Blindfolding is a technique used for visual deprivation to train individuals through intuition and sensory substitution. Blindfold is not the end goal, but it helps to stimulate and improve the brain’s abilities. The blindfold technique can boost our brain and balance the left and right hemispheres of the brain, including activating intention capacity, which helps individuals do things with their closed eyes30 Paul Bach-y-Rita et al. was the first to propose the sensory substitution. A non-invasive method for preventing amputation on one sense is sensory replacement, which involves supplying information through a different route. It re-establishes a sense of surroundings in individuals.31

A complete sensory modality conveys information to the visual perception regions of the brain (occipital lobe and visual cortex) during sensory replacement, enabling an individual to comprehend and identify sight. Brain structures associated with various sensory modalities can receive information from a single modality. Information from the touch receptors is transmitted to the visual cortex via touch-to-visual sensory substitution for processing and perception. Individuals’ eyes were closed in the blindfold activity, and they were asked to use touch to determine the colour of the ball/object. Tactile-visual sensory substitution occurs when individuals describe their perceptual experiences with a specific object. Sensory substitution has not only provided impressive practical results among those with visual impairments but has also developed neural plasticity.32

Cognitive-motor dual-task training is a non-pharmacological approach that combines regular mental and physical activity to maintain or improve cognitive skills. Such skills include attention, cognitive flexibility, problem solving, observation, comprehension, intuition, reasoning, and memory. This technique boosts cognitive abilities by strengthening neural connections in the brain, which improves the brain’s ability to process and understand information. Mental exercise sessions focusing on improving cognitive and intuitive skills are known as cognitive training, such as memory, focus, attention, and observation. This can help maintain or improve certain aspects of cognition.33 In T2DM, Cognitive Motor dual task blindfold training (CMDBT) may be beneficial for cognitive function improvement along with motor improvement that result in exercise capacity enhancement along with decreased risk of other types of diabetes onset-associated complications including dementia, diabetic myopathy, sarcopenia, neuropathy. Anticipated hypothesis of proposed study is that CMDBT can improve cognitive function in T2DM individuals.11

Method

Based on the literature, cognitive motor dual-task training has been conducted on cognition, but there is no adequate evidence in type 2 diabetes mellitus. This study was approved by the institutional ethics committee on 30-12-2023 at the Apollo Institute of Medical Science and Research, Chittoor, Andhra Pradesh, India. Ethics Committee Number: PG/35/IEC/AIMSR/2023. The study ensures that All participants provided written informed consent before data collection. The investigator was collected the data regarding baseline assessment of demographic data of name, age, gender, height, weight, duration of the disease, HbA1C and Mini mental state examination score. After the collection of data of base line assessment then the subjects was allocated with random block envelope method to experimental (CMDBT) group A, and conventional (control) group B.
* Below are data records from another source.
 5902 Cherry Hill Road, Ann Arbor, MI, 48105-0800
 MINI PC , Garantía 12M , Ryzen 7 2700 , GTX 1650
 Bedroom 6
Research design: Experimental design- Single blinded Randomized Controlled Trial

Study population: Study includes patients diagnosed with Type 2 diabetes mellitus

Sampling method: Random sampling method with 1:1 parallel arm allocation ratio with lottery method

Study design: Experimental study – Randomized control trial (Clinical Trial Registry of India no: CTRI/2024/01/061956)

Study setting: The study was conducted at the physiotherapy OPD in the Apollo District Headquarters Hospital, Murukambattu, Chittoor-517001, Andhra Pradesh, India.
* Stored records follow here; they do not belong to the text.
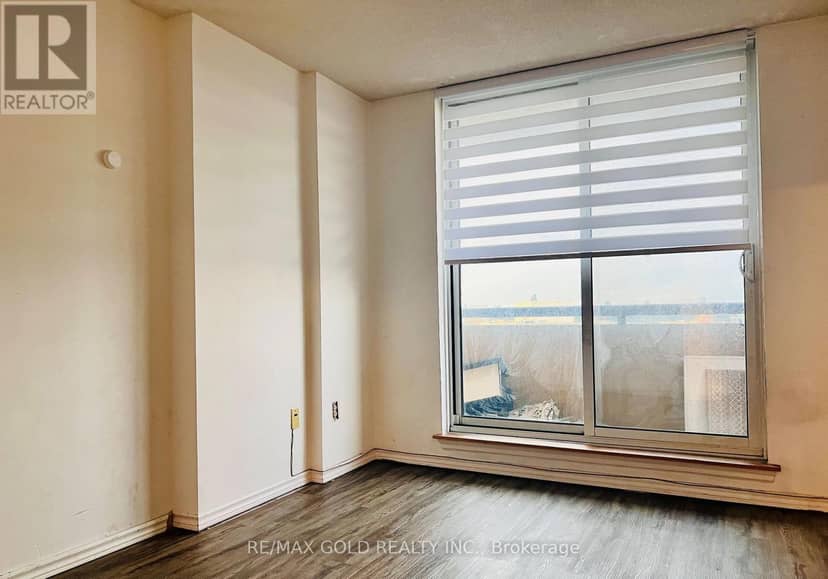 1504 - 10 Malta Avenue — photo 19 of 25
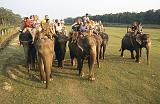 462a_Met olifanten op stap, Chitwan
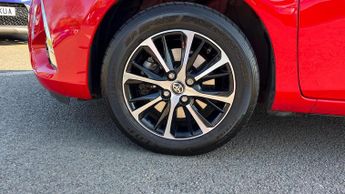Toyota Yaris 1.5 VVT-h Icon Tech E-CVT Euro 6 (s/s) 5dr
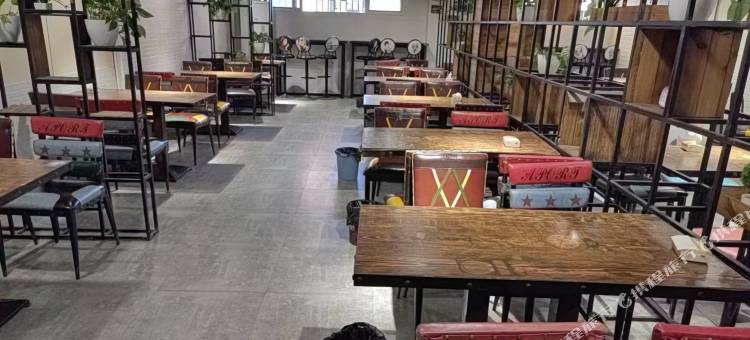 轻住·仁启宾馆(上海仁济医院塘桥地铁站店)图片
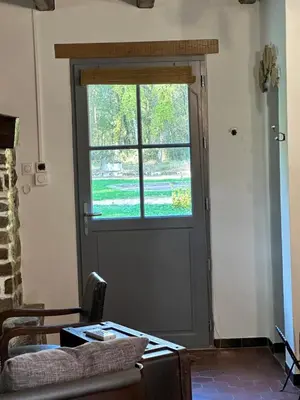 Coin salon dans l'établissement Au cœur du vignoble cognaçais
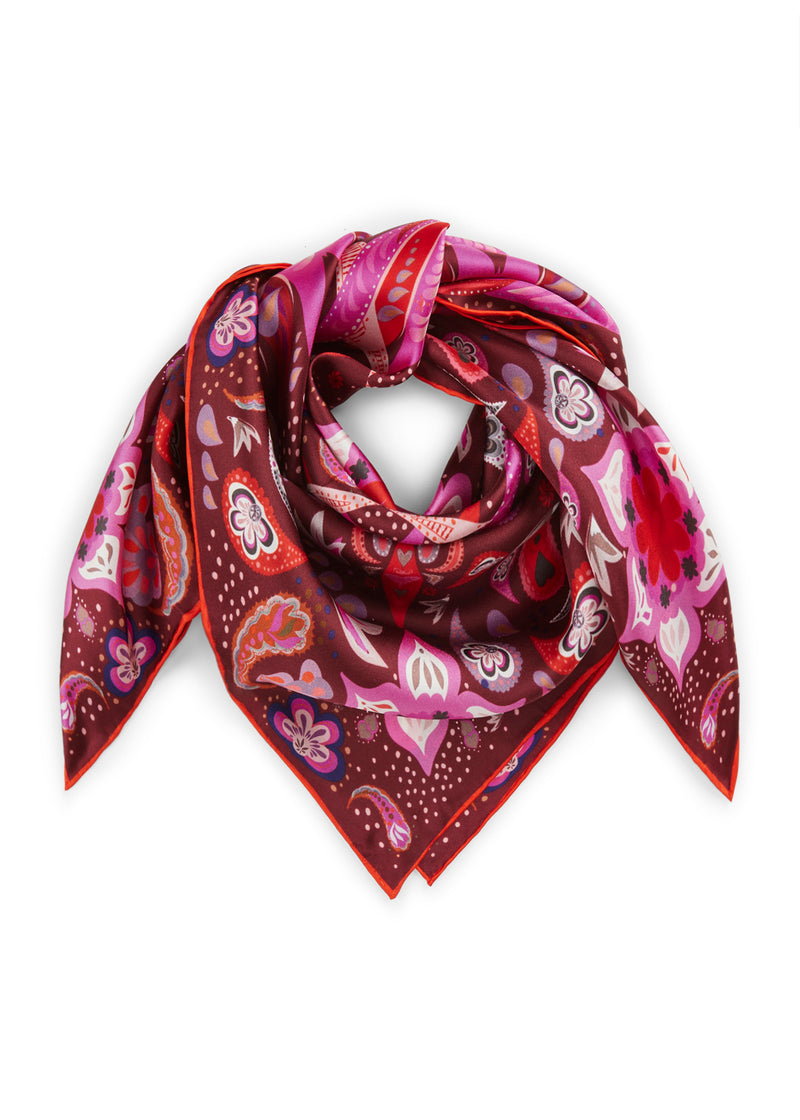 https://www.codello-b2b.com/media/fe/b0/82/1736701486/damen_codello_tuch_rot_52T0026-RED2_10.jpg?ts=1736701486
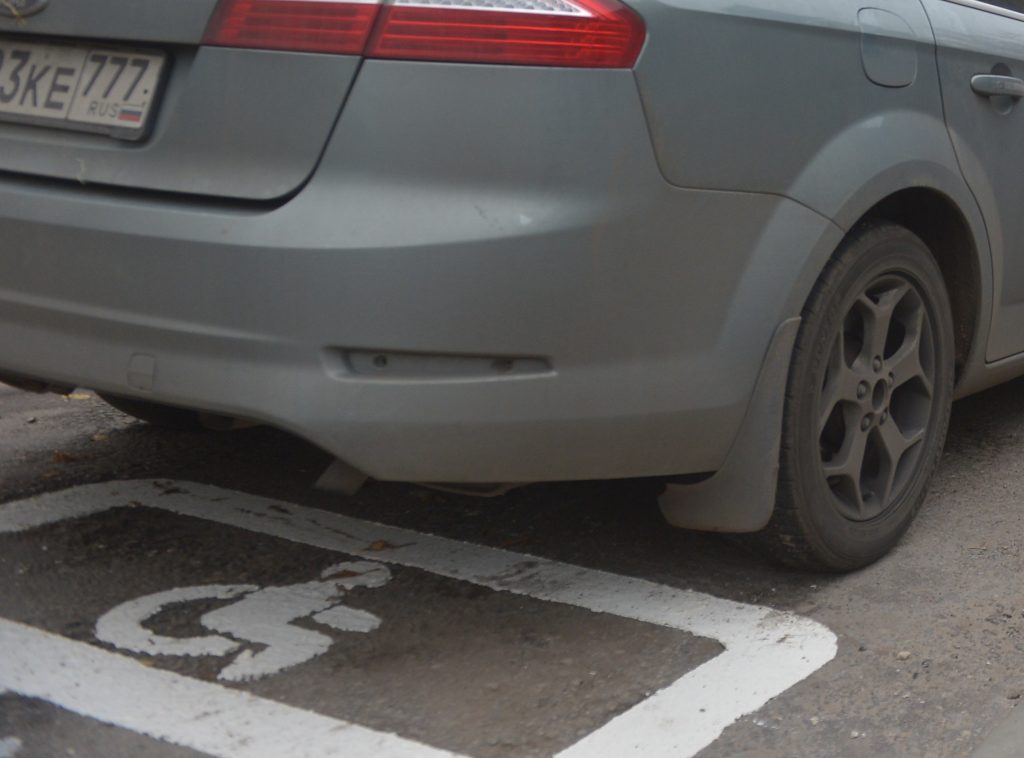 Москвичи смогут выявлять нарушения на парковках для инвалидов и электромобилей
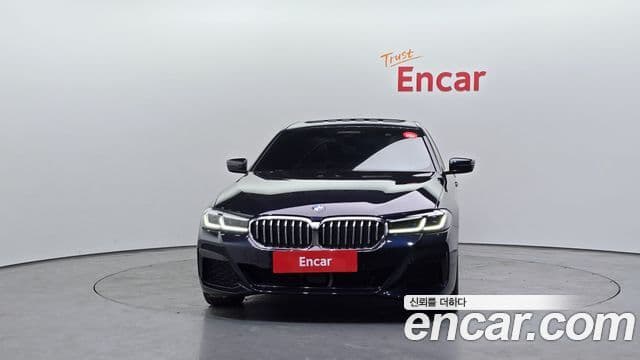 BMW 5 Series 2022 — Şəkil 3/20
Sample size: Total sample size: 62 subjects were randomly allocated to each group of 31.

Sampling method: Random sampling method, 1:1 ratio parallel with lottery technique.

Treatment duration: One session a day, 3 days/week, for 12 consecutive weeks.

Inclusion criteria:

  • • Subjects with T2DM

  • • HbA1c value above 6.5mmol/dL

  • • Subjects with education level >5 years (need to read and write).

  • • 5-10 years of diabetes duration from diagnosis

  • • Both male and female genders are included.

  • • Subjects who signed consent and willing to participate.

Exclusion criteria:

  • • Patients who are not willing and not cooperative. Musculoskeletal anomalies

  • • Pressure sores and Pressure ulcers

  • • Any exposure to radiological X rays or therapy since past 6 months.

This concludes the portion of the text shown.